Pausch remembered in Marinelli’s new book
Late Carnegie Mellon computer science professor Randy Pausch’s influence may have increased exponentially after the Last Lecture, but, according to colleagues, he had been an inspiring individual to work with throughout his time at Carnegie Mellon.
In his new book The Comet and the Tornado, executive producer of the Entertainment Technology Center (ETC) Don Marinelli, writes about his personal transition from drama to computer science, as well as his time working at the ETC with Pausch.
Together, Marinelli and Pausch founded the ETC, the collaboration of left- and right-brained thinking. Marinelli, with a background in drama, was the creative right-brained thinker, while Pausch, with a computer science degree, was much more left-brained.
The title of the book originates in the nicknames of the two colleagues. Pausch called Marinelli the “Tornado,” referring to his vibrant energy and creativity. While thinking of a word to describe Pausch, Marinelli came up with the “Comet.” “Comet Randy burst upon the scene like an astral body ... illuminating his secrets for living life to the fullest for millions of folks who needed such guidance ... Comet Randy left millions of people stunned, amazed, happy, giddy, and seeing light where there had been only darkness,” Marinelli said in a Carnegie Mellon press release.
Marinelli’s motive behind putting the book together was two-fold. Pausch’s name has been mainly associated with the creation of the Alice software but he has also played a major role at the ETC. “Few know that the ETC really is the legacy of Randy Pausch, so I wanted to set the record straight,” Marinelli said.
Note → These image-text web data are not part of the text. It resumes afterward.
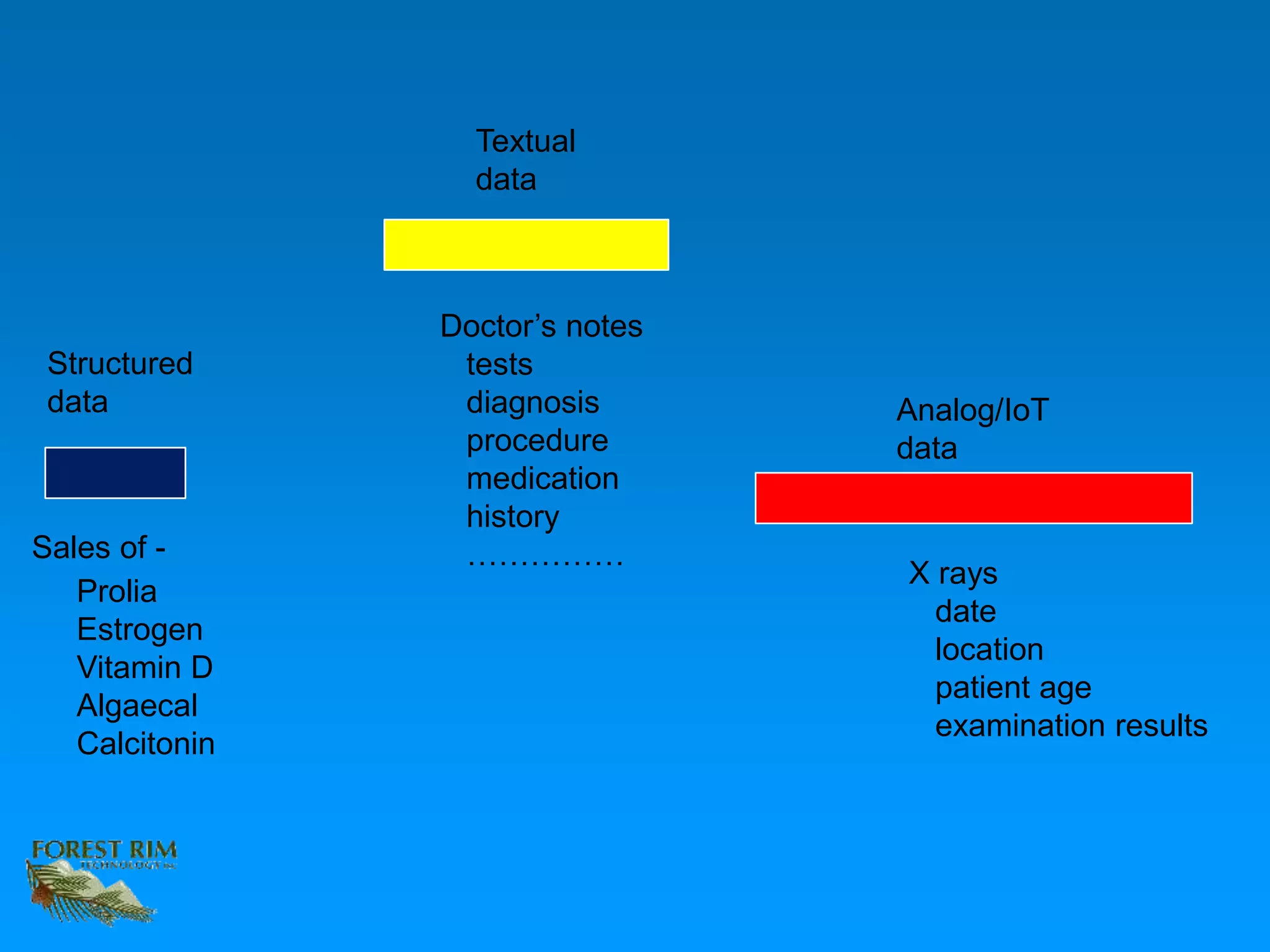 Structured
data
Textual
data
Analog/IoT
data
Prolia
Estrogen
Vitamin D
Algaecal
Calcitonin
Sales of -
Doctor’s notes
tests
diagnosis
procedure
medication
history
……………
X rays
date
location
patient age
examination results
Secondly, Marinelli opines that Pausch is now viewed as a saint and through this book Marinelli wants to bring some of the humanity back to Pausch’s image. “I don’t want Randy to lose the ‘human’… humanity is a great strength,” he said.
Crystal Lee, a graduate student in lighting and design, heard Marinelli speak about his book at the United States Institute for Theatre Technology in Kansas City, Missouri, and wanted to read more about it. “Since the School of Drama is closely affiliated with the ETC, I wanted to see how the ETC was formed prior to my coming to CMU,” she said.
Marinelli hopes to write a second book in the future, but is currently focused on continuing to make the ETC a global initiative, recruiting people from around the world to contribute their left- and right-brained talents.